Heinrich habló en voz baja y uniforme:

—Paciencia, amigo mío.

—¡Paciencia, un cuerno!

Heinrich levantó la mano, a la vez como bendición y advertencia.

—¿De verdad quiere involucrar a los militares? Ya se están preguntando cómo es posible que sus amigos hayan desaparecido y usted esté aquí.

—¡Santo Dios, no irá a decirme que piensan que yo he tenido algo que ver con esto! ¡Sería un escándalo!

—Yo no me pararía a adivinar lo que piensan, fuera o no fuera un escándalo. De momento, lo mejor que puede hacer, amigo mío, es mantener la calma y no alborotar ni pedir nada. Ahora voy a mi despacho a sacar de la caja fuerte los pasaportes de todos. La policía me los ha pedido. Le sugiero que aproveche la ocasión para admirar la belleza del lago. Déjeme que yo me ocupe de esto…

Resulta asombrosa la facilidad con que la gente entrega las riendas a quienes asumen el poder, ¿verdad? Contra su propia intuición, se permiten confiar en quienes saben que no merecen confianza. Me incluyo a mí misma, porque yo también lo hice una vez.
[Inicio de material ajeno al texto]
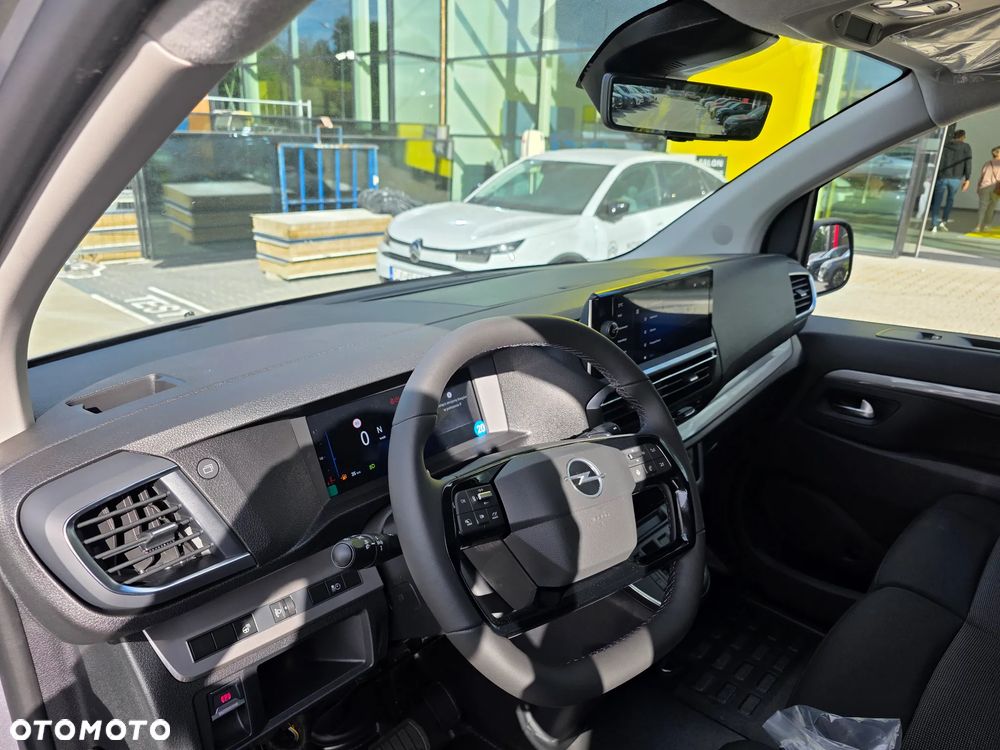 Opel Vivaro - 12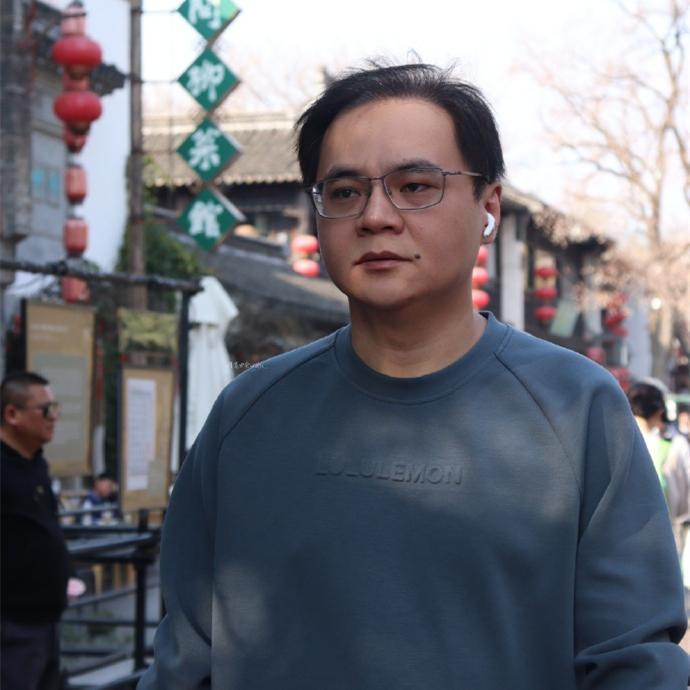 哈哈哈~德云社总教习高峰要被小孩哥给弄奔溃了。刚刚，高峰发文讲述了自己高铁出行的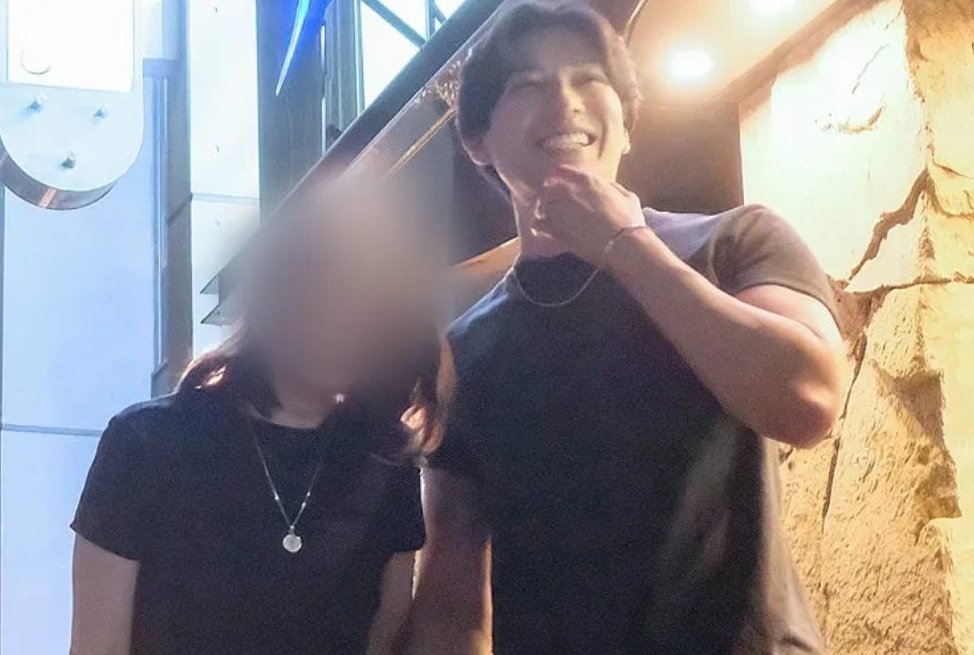 cloverblossoms_'s tweet photo. Arata Mackenyu (26) spotted with his wife in late June. His wife currently pregnant with their first child and scheduled to give birth in summer.

https://t.co/8yNstJGbNK https://t.co/5mgbKCvex3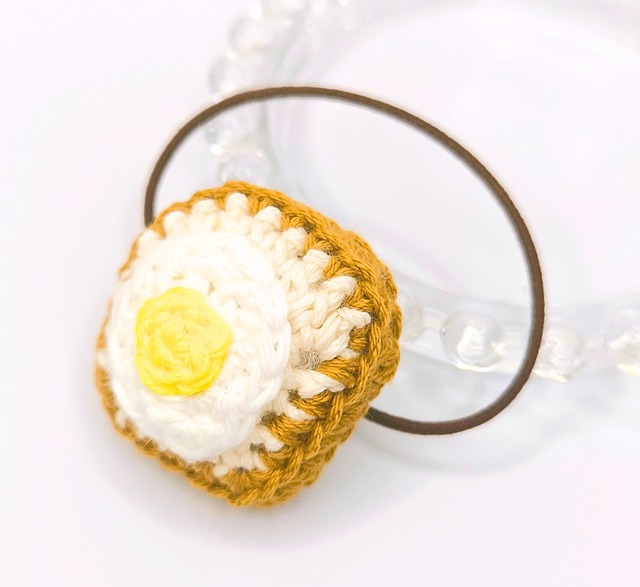 編ぐるみヘアゴム 目玉焼きトースト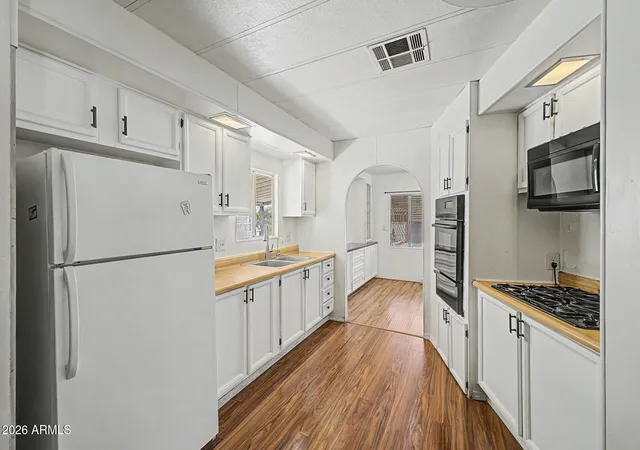 Photo 4 of Manufactured home for sale at 11411 N 91st Avenue #143, Peoria, AZ 85345 | MLS# 7012864 | Listing updated on 2026-09-15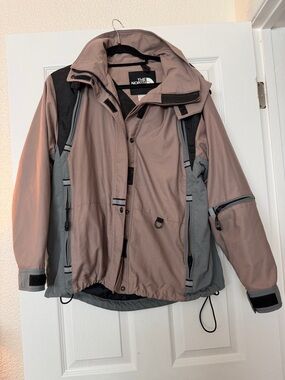 The North Face Two-Tone Shell Jacket - Mauve & Gray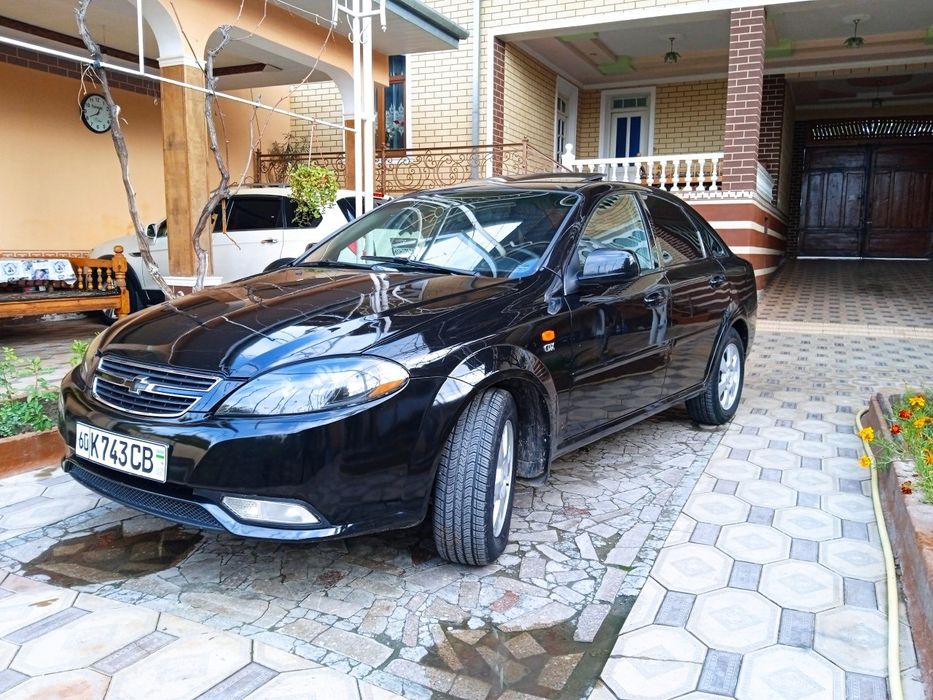 Chevrolet lacetti.  Gentra qilingan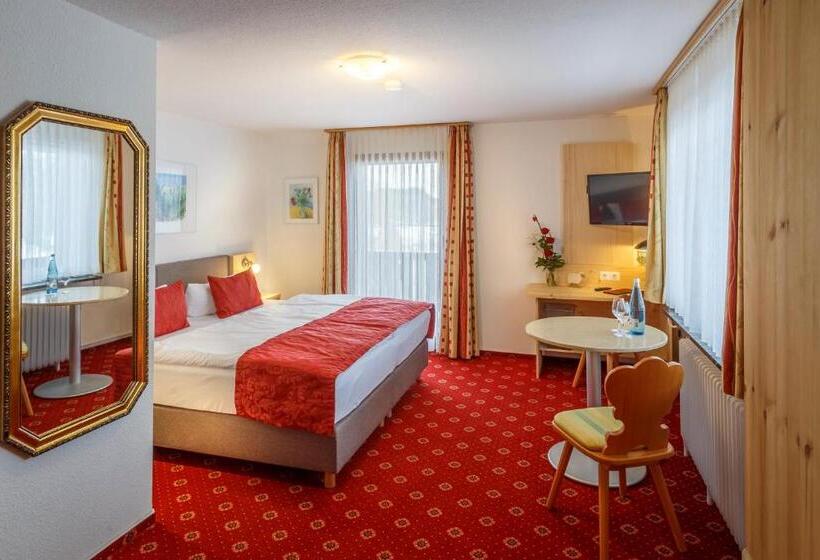 Номер Премиум Вид на Сад, Landhotel Bartlehof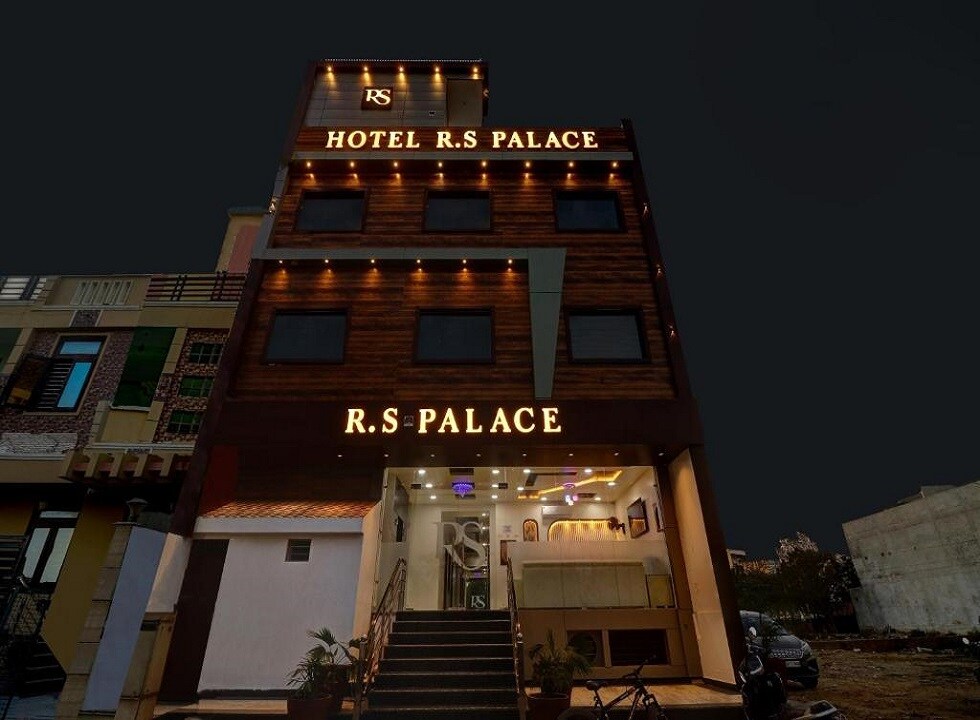 HOTEL R S PALACE - Tap to explore photos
Pero yo era sólo una niña, mientras que Harry era un hombre adulto, con un doctorado en psicología del comportamiento. Obedientemente, se fue a la orilla del lago. Contemplando sus aguas, trató de imaginar dónde estarían Marlena y los demás. Aunque la niebla del lago se había evaporado hacía tiempo, lo único que veía era un futuro incierto.